§ **EXERCISE**
Where the line containing "Dermasel Kristallbad Entspannung" appears, begin retyping; continue exactly through the final line of the data. Omit every picture.

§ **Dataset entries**
=== Begin Enclosure ===
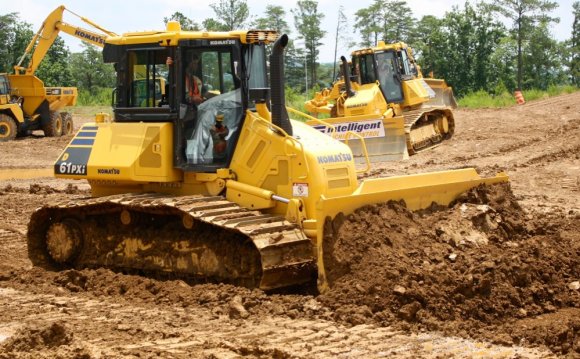 Komatsu D61i-23 intelligent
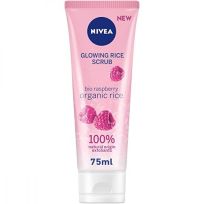 NIVEA VISAGE RASPBERRY RICE SCRUB 75 ML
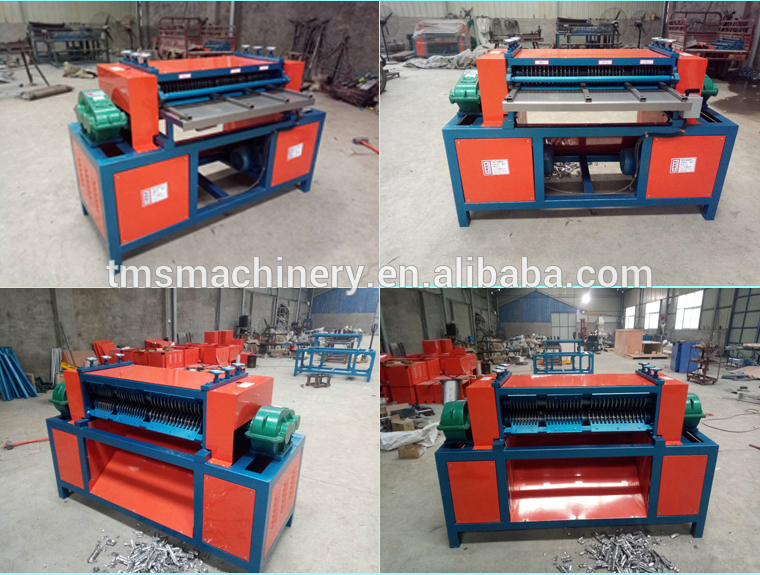 Hot sale copper radiator separating machine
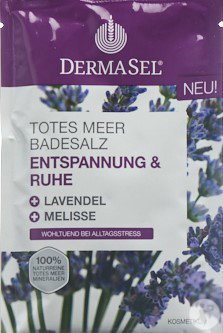 Dermasel Kristallbad Entspannung Und Ruhe 80g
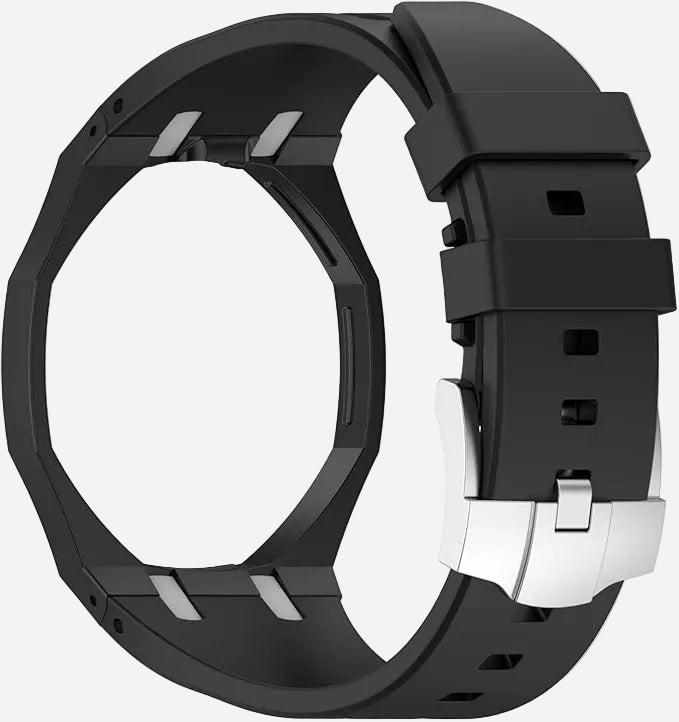 Ocho Negro AP x Swatch Royal Pop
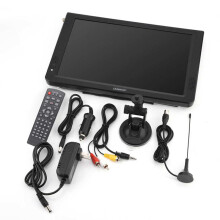 LEADSTAR television smart tv 12''inch Digital Television ATSC Portable TV 1080P Video Player for Home Car lcd tv US Plug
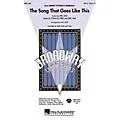Hal Leonard The Song That Goes like This 2-Part Arranged by Mac Huff Standard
=== End Enclosure ===
§ **WRITTEN SOLUTION**
 Dermasel Kristallbad Entspannung Und Ruhe 80g
 Ocho Negro AP x Swatch Royal Pop
 LEADSTAR television smart tv 12''inch Digital Television ATSC Portable TV 1080P Video Player for Home Car lcd tv US Plug
Hal Leonard The Song That Goes like This 2-Part Arranged by Mac Huff Standard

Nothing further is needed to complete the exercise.